3. Streng liefhebben

Uiteindelijk gaat het erom dat mensen stappen zetten in hun leven en het daardoor beter op orde krijgen. Na vertrouwen opbouwen komt ‘de basis op orde brengen’. Je gaat samen aan de slag, zoekt samen naar een oplossing, maakt samen een plan. Dat alles doe je liefdevol, toegewijd en met aandacht. Maar niet vrijblijvend.

Enerzijds-anderzijds

Evelien Tonkens, hoogleraar aan de Universiteit voor Humanistiek, neemt de bijstand als voorbeeld: ‘De bijstand is niet enkel een recht. We kunnen de verzorgingsstaat alleen overeind houden als we er zuinig mee omspringen.
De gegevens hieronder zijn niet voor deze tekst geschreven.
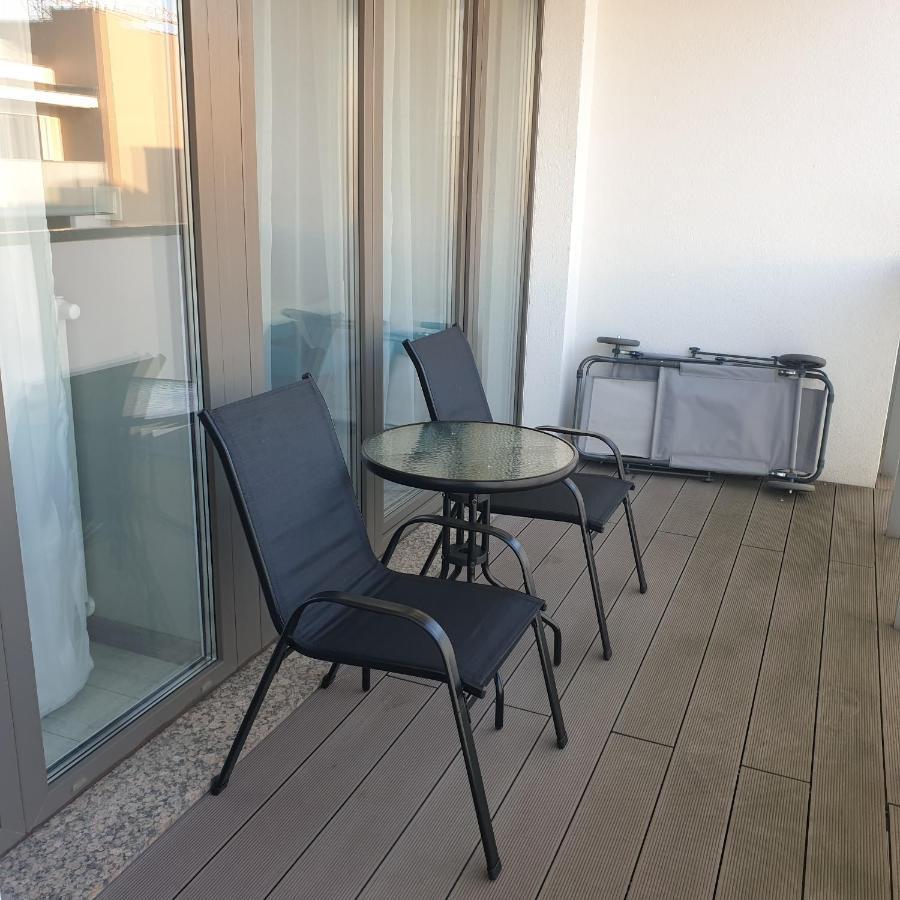 ,private Apartment, Aircondition, Garage, Hd Tv Pl & De, Wifi, Fully Equipped, Near *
Zij pleit er daarom voor de bijstand te zien als een recht waarvoor mensen ook iets moeten terugdoen.

‘Laat medewerkers in de uitvoering hun cliënten dus een enerzijds-anderzijds-boodschap geven. ‘Het is niet jouw schuld dat je in de bijstand zit, je hoeft je niet te schamen, we zijn met z’n allen trots op het Nederlandse systeem waarin niemand door de bodem van het bestaansminimum hoeft te zakken. Máár: realiseer je wel dat de bijstand moet worden betaald en dat het belangrijk is dat je er zo snel mogelijk weer uitkomt.’ (6)

Hoogleraar bestuurskunde Pieter Tops sprak in dit verband tijdens het Divosa Voorjaarscongres van 2018 over ‘streng liefhebben’. Als voorbeeld besprak hij de relatie tussen de overheid en de Tilburgse Vogeltjesbuurt, ‘een volksbuurt met een schilderachtige uitstraling, waarvan je weet dat er sociaal en anderszins een aantal zaken niet deugen.’ (7)

Streng liefhebben in Tilburg

In de jaren vijftig werden ‘asociale’ gezinnen in de Tilburgse Vogeltjesbuurt bij elkaar gezet. Maatschappelijk werksters gingen er aan de slag. ‘Pittige tantes, streng maar liefdevol.’ Die aanpak leek succesvol, maar midden jaren zestig veranderde er veel. De gemeentelijke overheid verloor haar greep op het volkshuisvestingsbeleid.

‘Meer ruimte voor bewoners, maar in de praktijk betekende dat in deze wijk dat hele straten door families geconfisqueerd konden worden.’ De drugshandel bloeide er op. ‘25 jaar hebben ze hun gang kunnen gaan. In de jaren negentig explodeerde de hennepteelt. En met het grote geld kwamen ook de ruzies, het geweld en de vetes.’ 

Tops twijfelt geen moment aan de betrokkenheid van de sociale wijkteams, maar ziet ook ‘hoe ze om de olifant van de georganiseerde criminaliteit heen organiseren.’ Sociaal werkers, gemeenten en politie hebben de harde morele plicht om dit op een ander manier te organiseren, vindt hij. ‘Om betekenisvol te opereren, om een fatsoenlijke samenleving overeind te houden, is modern paternalisme nodig. Streng liefhebben en duurzame precisie.’

Voetnoten

  1. 100 gesprekken, 2020, Divosa.
  2. 'Weten is nog geen doen'. 2017, WRR.
  3. 'Over oude pijn en ongevraagd advies'. In: Sprank 2/2020.
  4. 'Eropaf. De nieuwe start van het sociaal werk'. 2010, Uitgeverij Augustus.
  5. 'Duivelse dilemma’s in het sociaal domein'. In Sprank 4/2019.
  6. 'Niet iedereen ziet de wereld zoals jij'. In: Sprank 1/2020.
  7. 'Modern paternalisme nodig om samenleving bij elkaar te houden'. Toespraak Pieter Tops, Divosa Voorjaarscongres 2018.